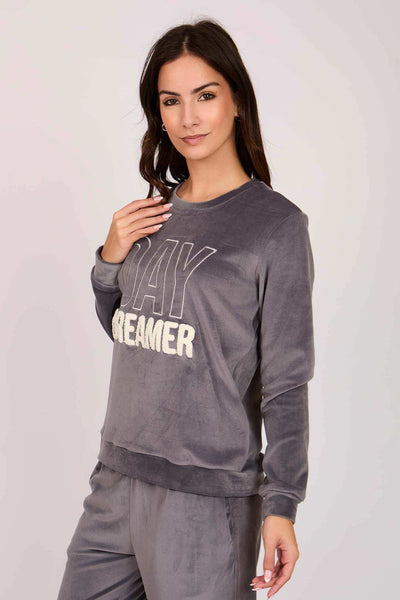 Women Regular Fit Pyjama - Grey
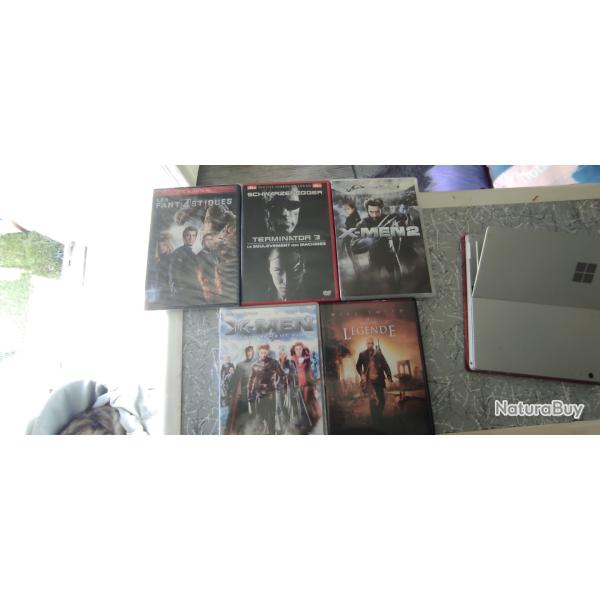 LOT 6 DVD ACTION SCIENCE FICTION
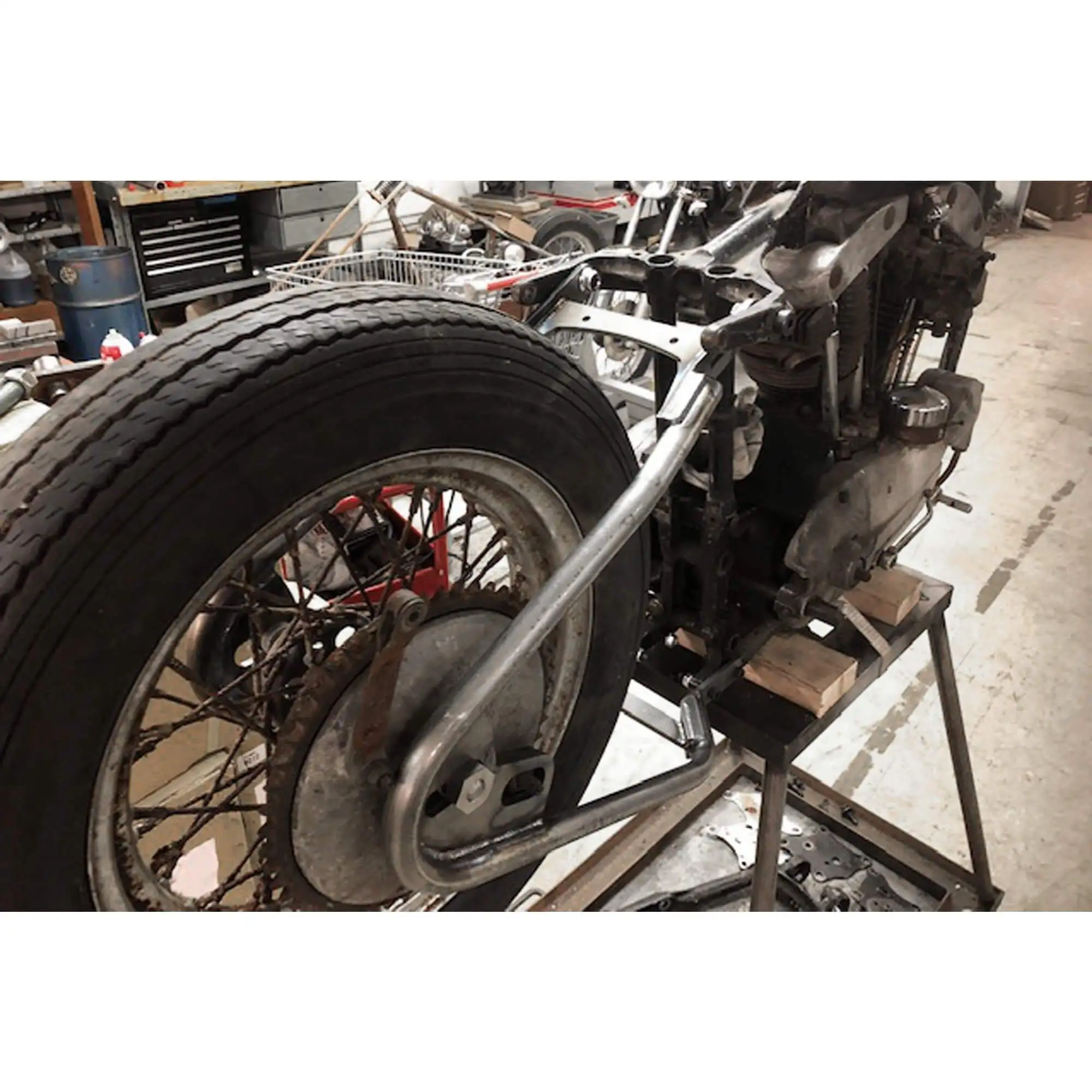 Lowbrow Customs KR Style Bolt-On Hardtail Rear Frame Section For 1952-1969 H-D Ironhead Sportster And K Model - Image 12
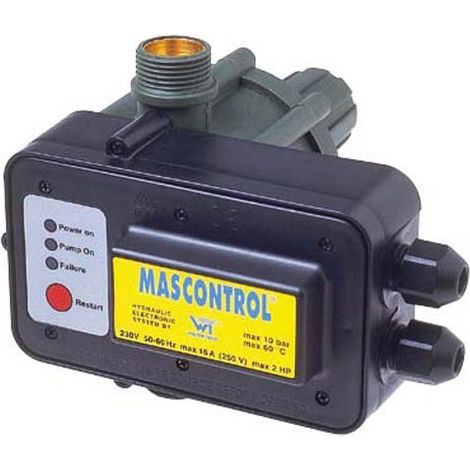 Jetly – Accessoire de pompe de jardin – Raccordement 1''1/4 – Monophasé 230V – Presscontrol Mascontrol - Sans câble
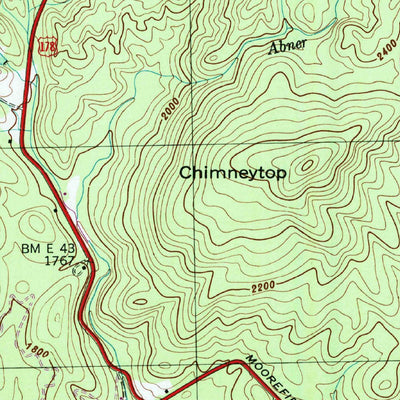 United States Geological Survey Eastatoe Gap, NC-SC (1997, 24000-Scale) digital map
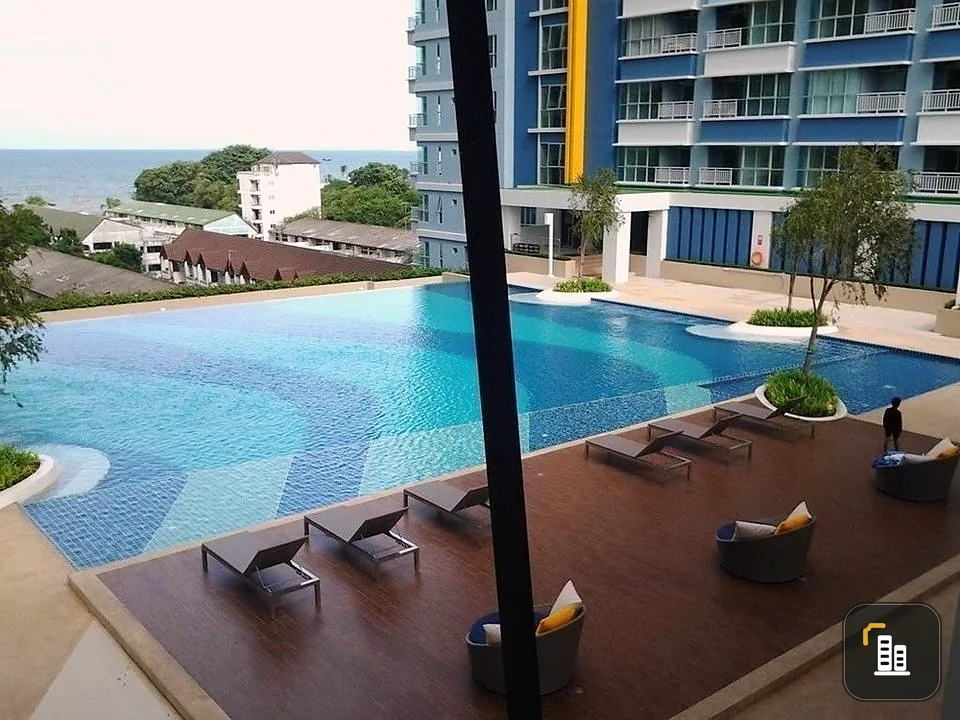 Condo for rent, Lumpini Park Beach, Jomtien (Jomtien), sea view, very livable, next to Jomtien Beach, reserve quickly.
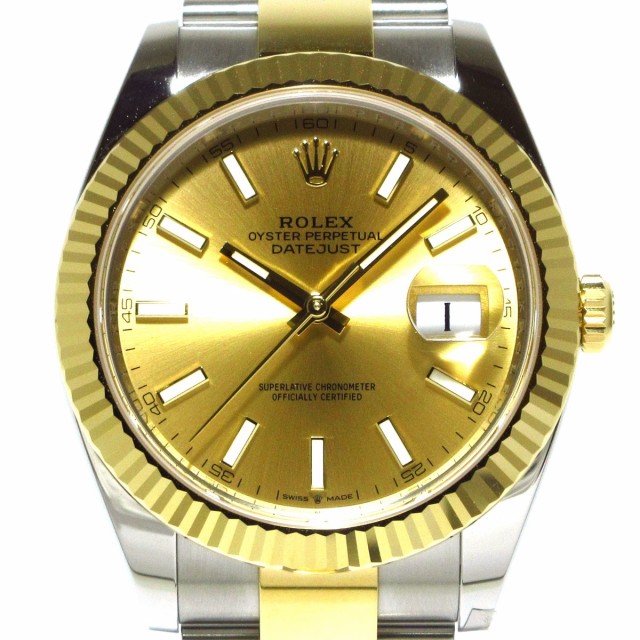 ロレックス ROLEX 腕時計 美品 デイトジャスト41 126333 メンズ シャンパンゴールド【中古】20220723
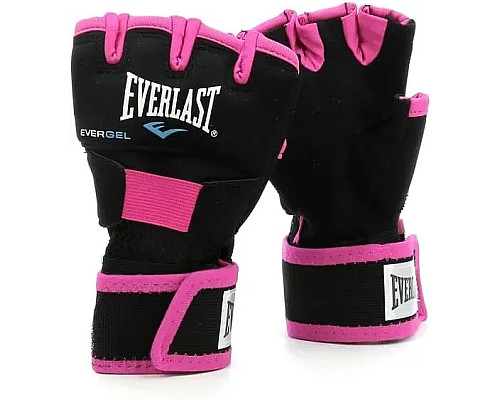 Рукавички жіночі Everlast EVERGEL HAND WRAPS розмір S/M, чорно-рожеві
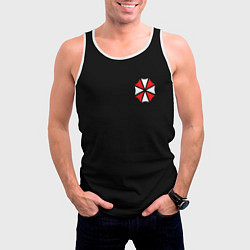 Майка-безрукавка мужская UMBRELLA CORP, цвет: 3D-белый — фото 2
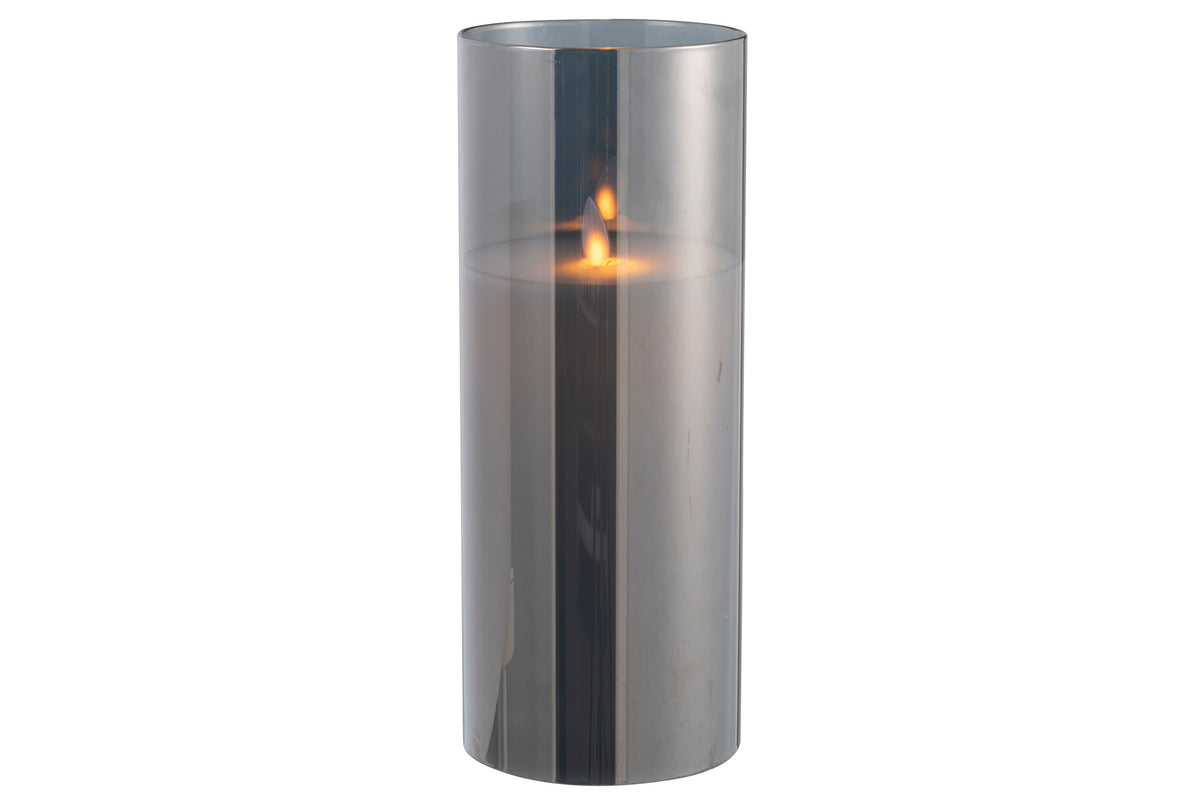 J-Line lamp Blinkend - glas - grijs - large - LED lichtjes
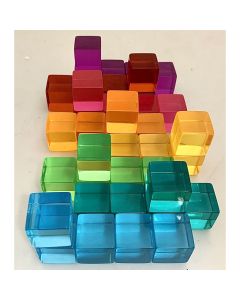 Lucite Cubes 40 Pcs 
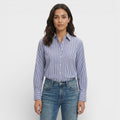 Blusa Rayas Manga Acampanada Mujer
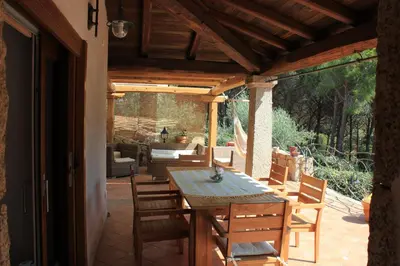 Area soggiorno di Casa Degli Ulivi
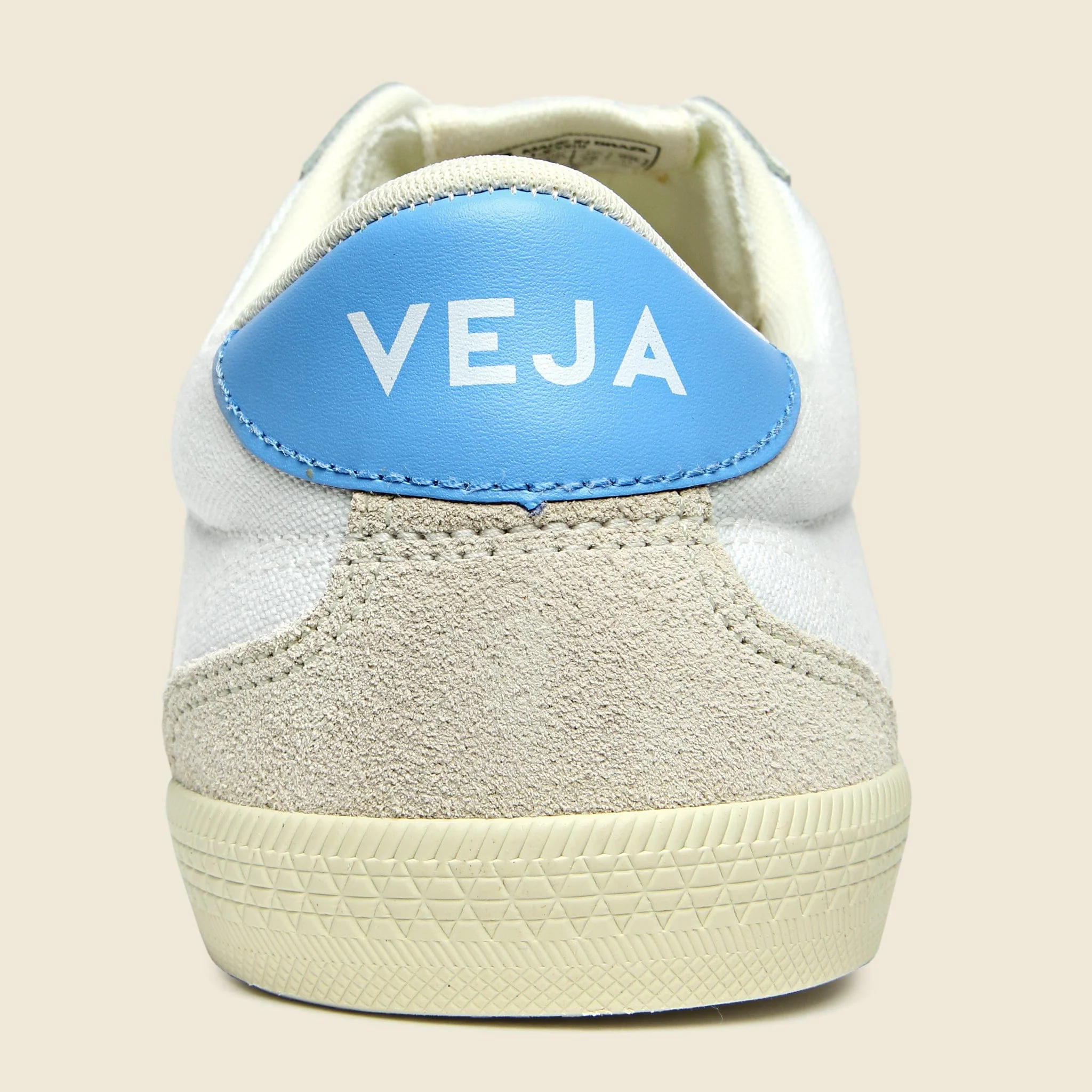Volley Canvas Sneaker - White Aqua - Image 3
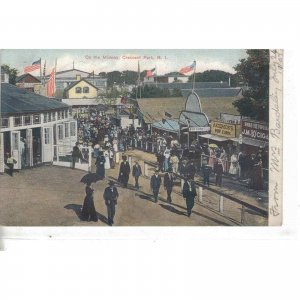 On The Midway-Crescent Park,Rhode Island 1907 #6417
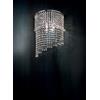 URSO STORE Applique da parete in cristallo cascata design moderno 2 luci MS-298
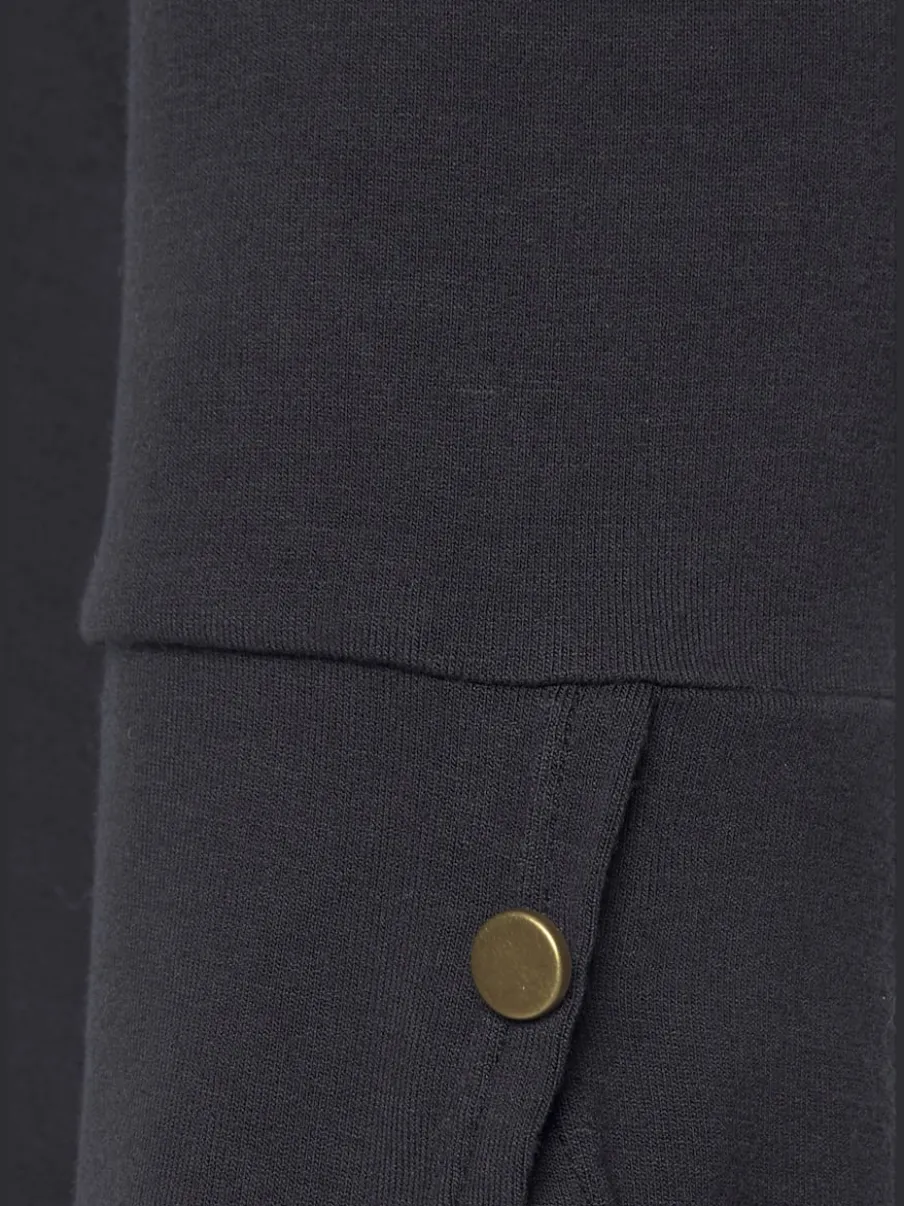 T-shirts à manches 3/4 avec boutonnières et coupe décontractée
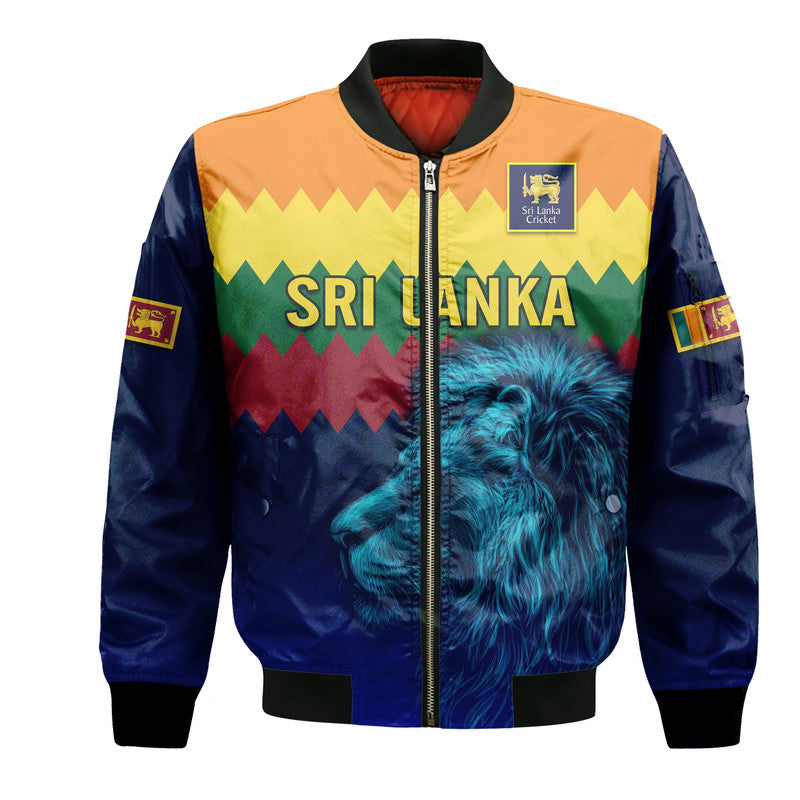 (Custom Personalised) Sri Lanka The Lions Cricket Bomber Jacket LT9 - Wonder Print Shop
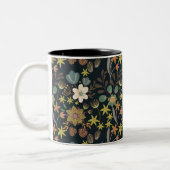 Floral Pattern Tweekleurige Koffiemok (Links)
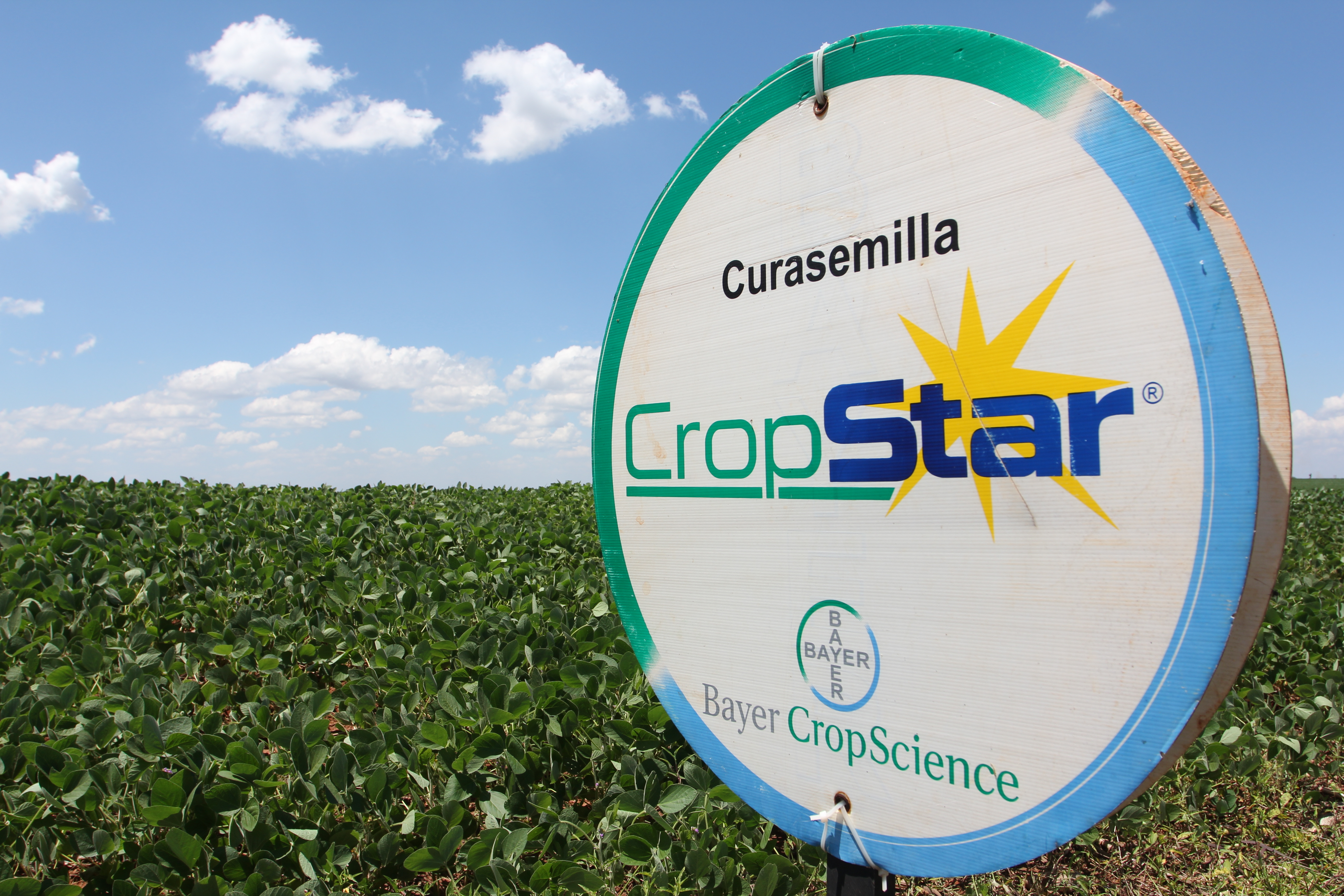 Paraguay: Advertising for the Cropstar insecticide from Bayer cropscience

• • • • • • •

ASSIGNMENT:
Only the pictures are to be dropped; all other material above must be repeated exactly.

REPLY TO THE EXERCISE:
 Women Regular Fit Pyjama - Grey
 LOT 6 DVD ACTION SCIENCE FICTION
 Lowbrow Customs KR Style Bolt-On Hardtail Rear Frame Section For 1952-1969 H-D Ironhead Sportster And K Model - Image 12
 Jetly – Accessoire de pompe de jardin – Raccordement 1''1/4 – Monophasé 230V – Presscontrol Mascontrol - Sans câble
 United States Geological Survey Eastatoe Gap, NC-SC (1997, 24000-Scale) digital map
 Condo for rent, Lumpini Park Beach, Jomtien (Jomtien), sea view, very livable, next to Jomtien Beach, reserve quickly.
 ロレックス ROLEX 腕時計 美品 デイトジャスト41 126333 メンズ シャンパンゴールド【中古】20220723
 Рукавички жіночі Everlast EVERGEL HAND WRAPS розмір S/M, чорно-рожеві
 Майка-безрукавка мужская UMBRELLA CORP, цвет: 3D-белый — фото 2
 J-Line lamp Blinkend - glas - grijs - large - LED lichtjes
 Lucite Cubes 40 Pcs 
 Blusa Rayas Manga Acampanada Mujer
 Area soggiorno di Casa Degli Ulivi
Volley Canvas Sneaker - White Aqua - Image 3
 On The Midway-Crescent Park,Rhode Island 1907 #6417
 URSO STORE Applique da parete in cristallo cascata design moderno 2 luci MS-298
 T-shirts à manches 3/4 avec boutonnières et coupe décontractée
 (Custom Personalised) Sri Lanka The Lions Cricket Bomber Jacket LT9 - Wonder Print Shop
 Floral Pattern Tweekleurige Koffiemok (Links)
 Paraguay: Advertising for the Cropstar insecticide from Bayer cropscience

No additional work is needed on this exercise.